Neighbourly work may be arranged by individuals, as well as housing companies, school classes, NGOs and other organisations, local authorities, etc. Business enterprises may not arrange neighbourly work parties to carry out their normal work assignments, but they may participate in organising events such as non-profit drives.
People participating in neighbourly work voluntarily donate their contributions free of charge for the benefit of someone in need of help or for the common good.
Neighbourly work can involve cleaning, moving house, renovation, gardening and landscaping, cooking, or any other tasks suitable to be carried out as neighbourly work. By way of example, construction of the base or roof of a small house or a minor renovation of a flat can be carried out as neighbourly work by skilled friends or relatives.
Neighbourly work does not generally require any specialist skills. The duration of such work must be limited, and the amount of work involved must be reasonable.
Neighbourly work cannot be used to perform any work that should be remunerated by pay, fee or some other benefit. In connection with major neighbourly work parties, the organiser must be able to prove, if required, that no remuneration was paid for the work.
Tasks requiring specialist skills may not be carried out on a neighbourly work or ‘barter’ basis. An accountant and an architect, for example, may not provide each other with their respective contributions as reciprocal neighbourly work. Instead, each is required to invoice the other for their work, so as to include it in their accounting and tax records, as usual.

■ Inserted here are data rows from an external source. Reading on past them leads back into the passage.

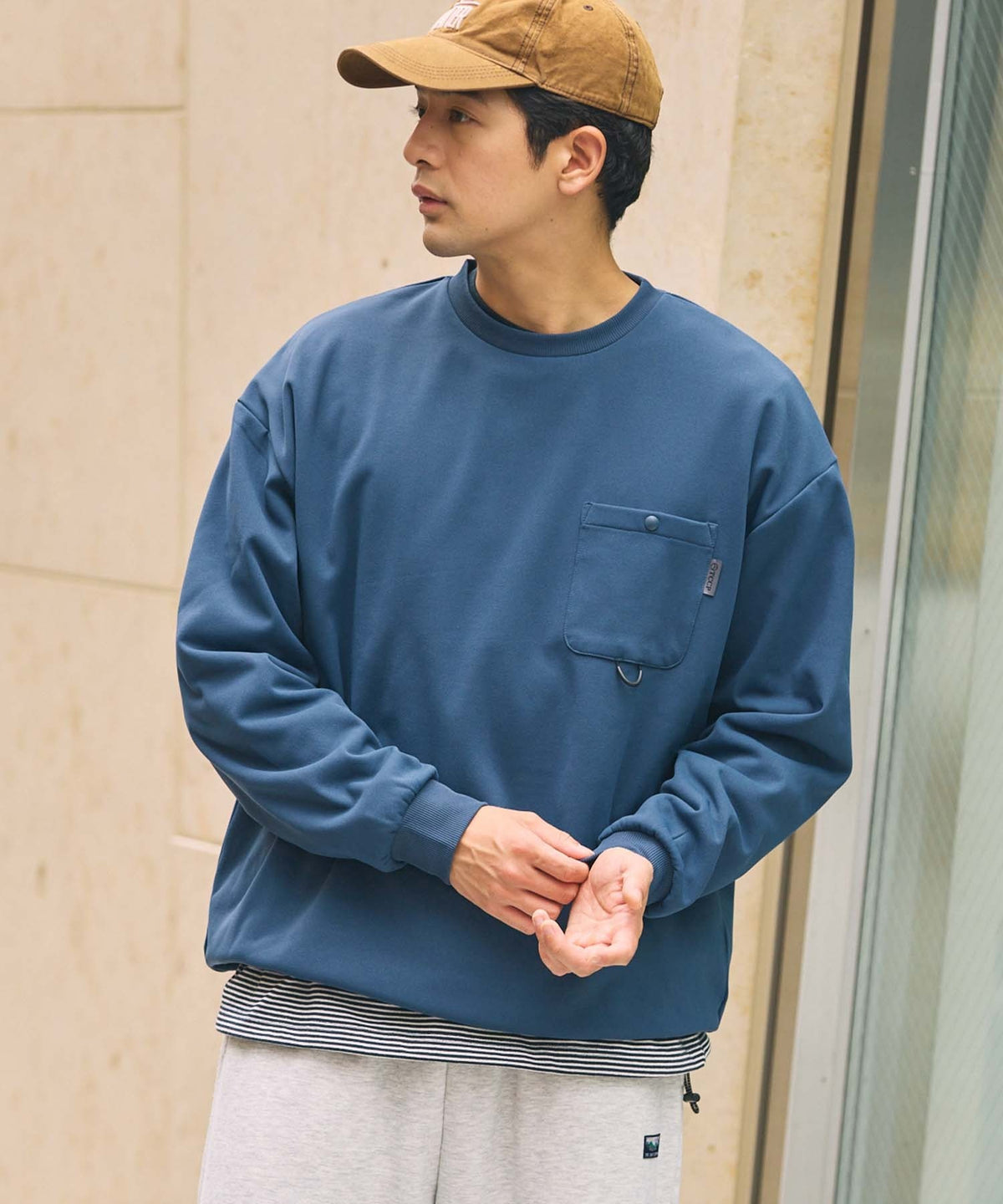 THE CRAFT CREW PRODUCTS / 四向彈性機能 圓領口袋長T恤(抽繩下擺)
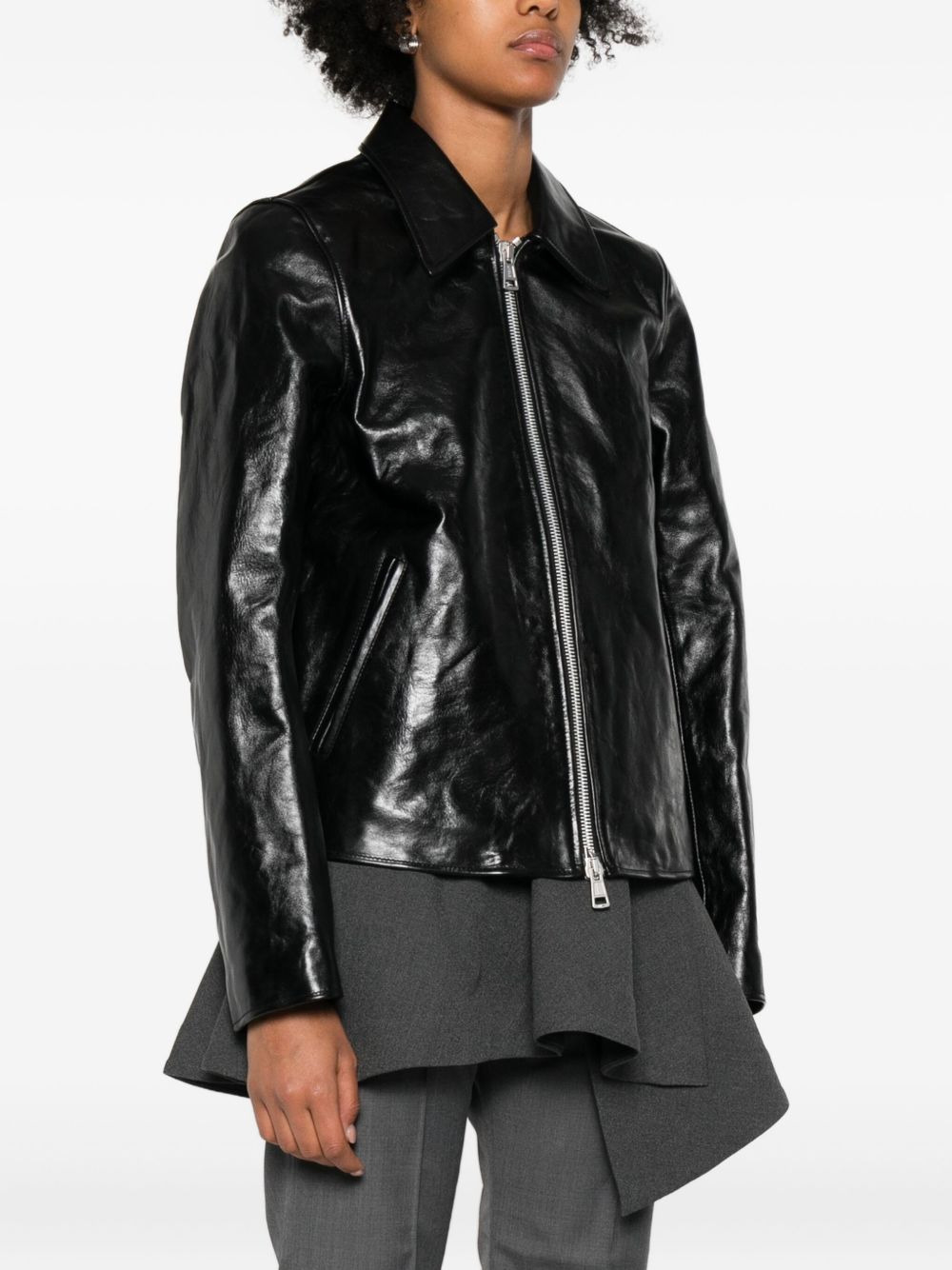leather zip-front jacket - 3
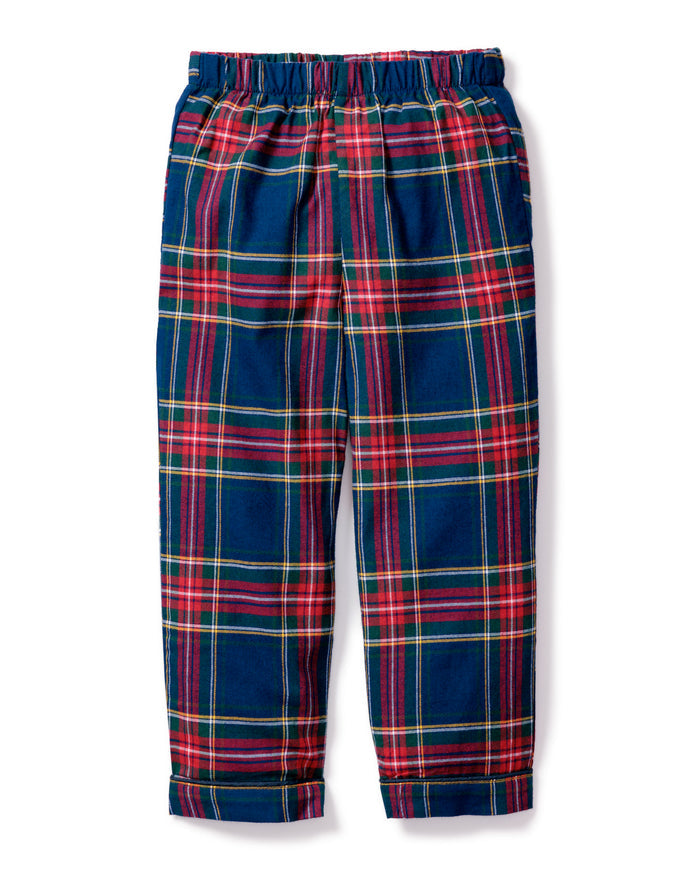 Kid's Brushed Twill Pajama Pant in Windsor Tartan features a classic red, green, and yellow plaid on dark blue with a comfortable elastic waistband.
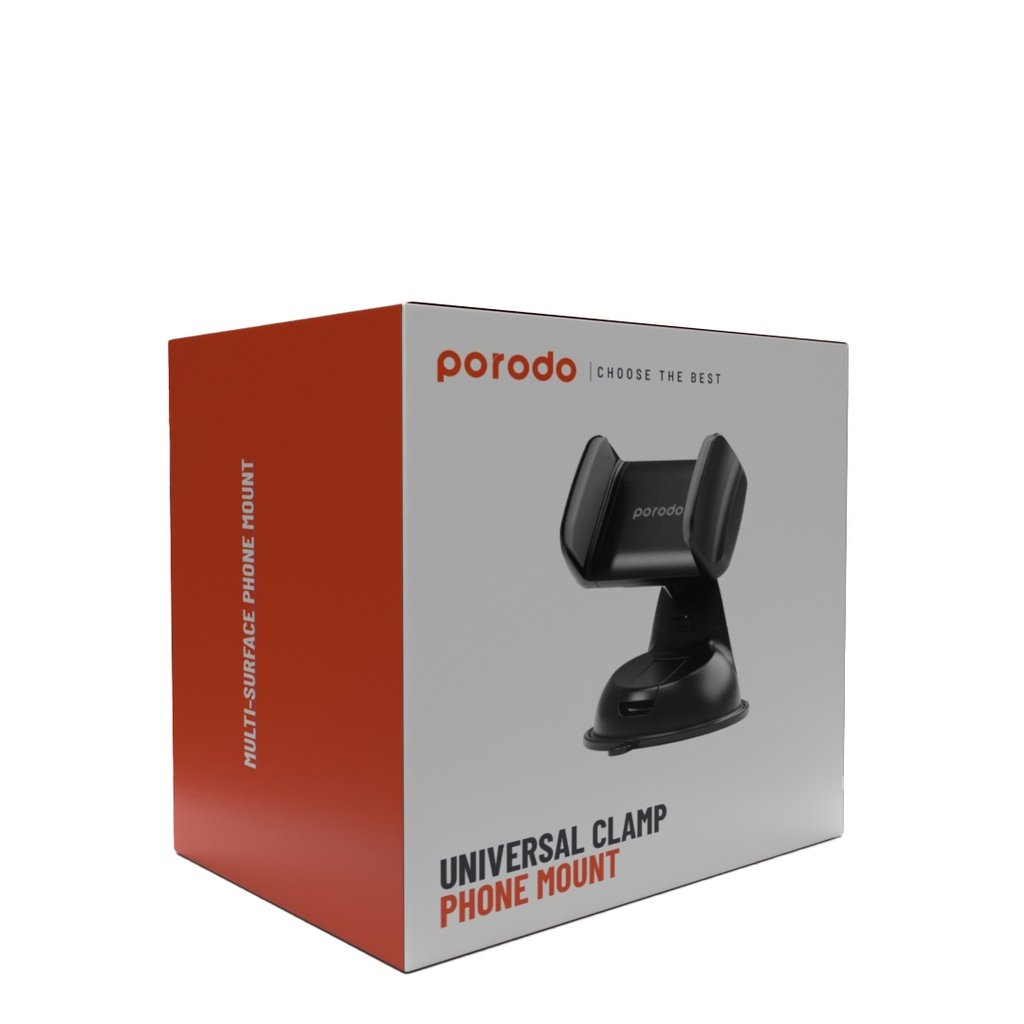 Porodo Universal Clamp Phone Mount - Black 2 Porodo Universal Clamp Phone Mount - Black - Image 2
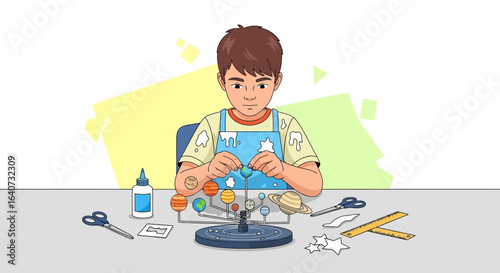 Cartoon boy creating a solar system model with planets and craft supplies diligently working on his science project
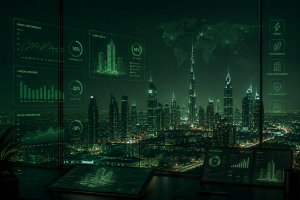 Dubai skyline at night with building performance data and analytics overlays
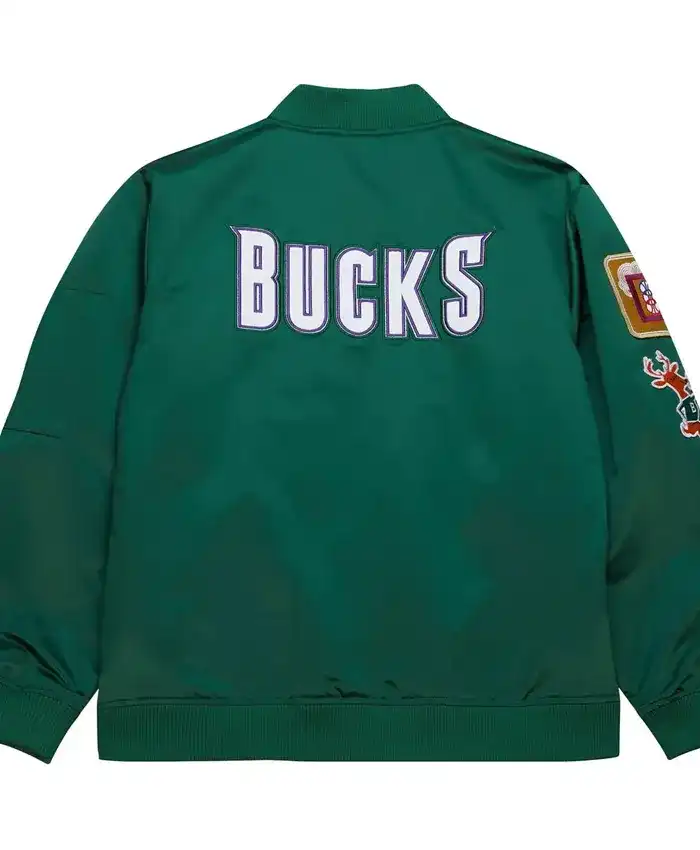 Get Now Milwaukee Bucks Vintage Green Satin Bomber Jacket For Sale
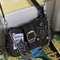 Vintage Star Pattern Canvas Underarm Bag For Women Retro Shoulder Chain Purse 4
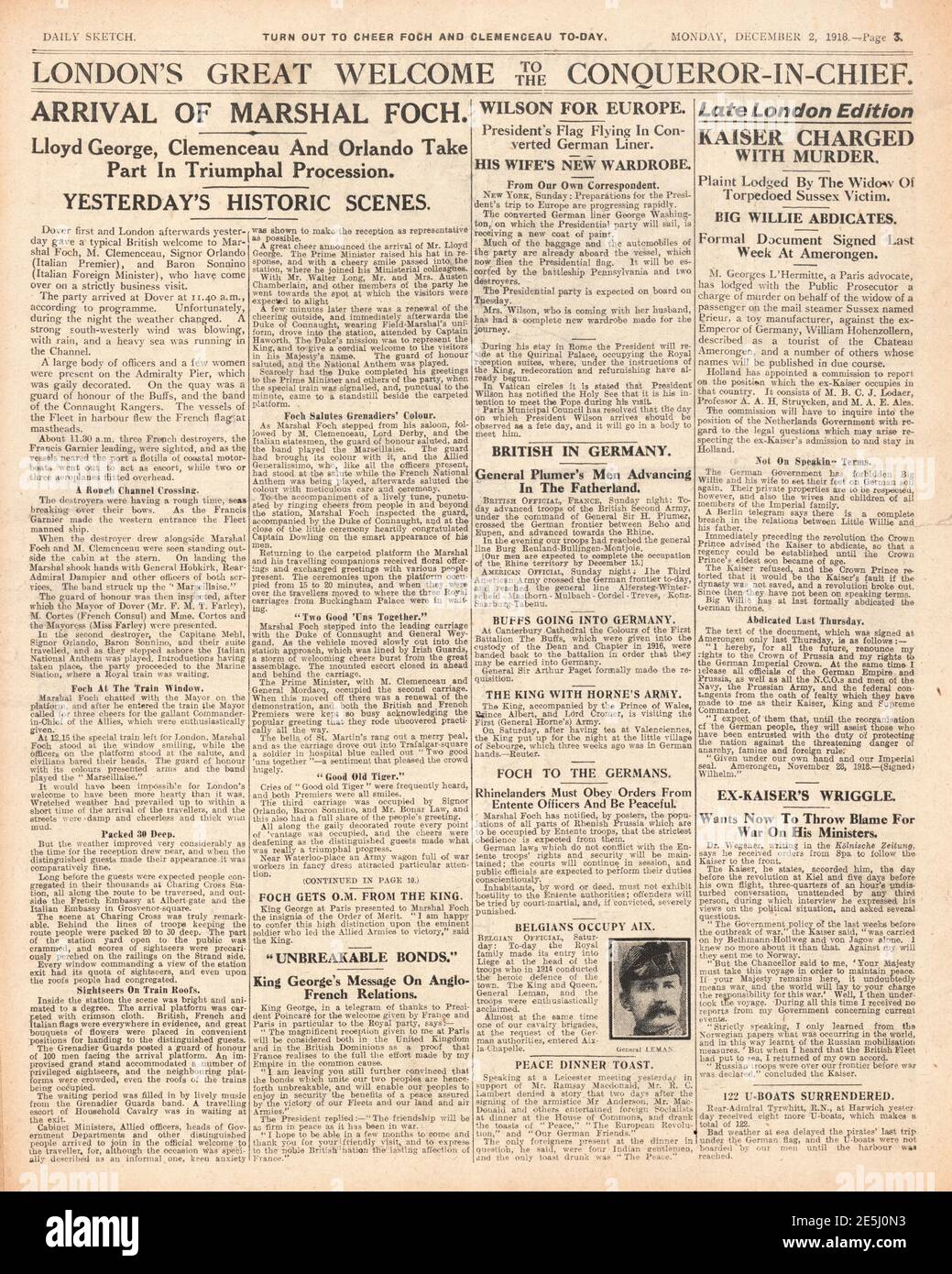 1918 Daily Sketch Foch et Clémenceau à Londres Banque D'Images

While neighbourly work is not included in the scope of the Occupational Safety and Health Act, the organiser may still become liable for damages. The organiser should assume responsibility for the health and safety of participants. Likewise, participants in neighbourly work are obliged to use any personal protective equipment and ancillary equipment provided for them.
Neighbourly work should not be used to carry out any tasks that involve major responsibilities or risk. In practical terms, it is very difficult to hold a neighbourly work participant liable for a construction defect, for example.
It is not compulsory to take out insurance for neighbourly work participants, but it is strongly recommended for work such as construction. A private citizen’s group insurance for neighbourly work also covers any participants not included in the immediate family.
Housing companies can also take out group insurance policies for neighbourly work. These policies generally cover any damage during neighbourly work or other unpaid work that is carried out by inhabitants. The person who caused the damage should submit a claim for indemnity to the relevant insurance company. The housing company is obliged to provide information on the incident.
Participants in neighbourly work parties do not receive pay or any other benefits; nor are they usually reimbursed for expenses. The organiser usually offers them something to eat and drink and the chance to use the sauna, etc.
Traditional neighbourly work carried out without any compensation does not result in any tax consequences for the participants in or the beneficiary of such work. Tax-exempt work also covers unpaid work with direct benefits for the community; maintaining a sports field or selling tickets at an association’s event, for example, does not generate any taxable income and does not involve any obligation to declare.
The tax treatment of any other type of work will be decided by the Finnish Tax Administration on a case-by-case basis. Members of an association may do some work for a party that pays the association for their work. In such cases, the Finnish Tax Administration will decide whether such work is treated as tax-exempt neighbourly work, the association’s taxable business activities, or a situation where an individual is donating some of their taxable earnings to the association, for example.